A. Concise staff note for informal Board meeting

The note should focus on qualification and access issues and include:

  • Qualification. An assessment of whether the member (a) has very strong economic fundamentals and institutional policy frameworks; (b) is implementing—and has a sustained track record of implementing—very strong policies; and (c) remains committed to maintaining such policies in the future, all of which give confidence that the member will respond appropriately to the balance of payments difficulties that it is encountering or could encounter. A statement on whether the most recent (2–3 years) Article IV consultations included very positive assessments of the member’s policies. A preliminary assessment of the qualification criteria in Annex I, including, where necessary, a reference to aspects of the criteria that require more information in order to be assessed fully.

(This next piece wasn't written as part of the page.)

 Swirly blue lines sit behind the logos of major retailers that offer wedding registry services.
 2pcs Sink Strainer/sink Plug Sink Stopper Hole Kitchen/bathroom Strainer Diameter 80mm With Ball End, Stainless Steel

  • Access. An indication of an appropriate access level based on a brief assessment of macroeconomic risks and potential or actual BoP needs considering risks to the current and capital accounts.

  • Tables. Standard economic indicators and a balance of payments table (both with projections for the current year and following year), and a table on gross external financing requirements and sources of finance under a baseline case and for an adverse scenario. A table comparing access metrics across various cases could also be included at this stage and should be included in the subsequent staff report (see below).

B. Staff Report for the formal request for an FCL arrangement

The staff report should include:

  • A discussion of recent macroeconomic developments and policies, the economic outlook, and the authorities’ forward-looking policy plans.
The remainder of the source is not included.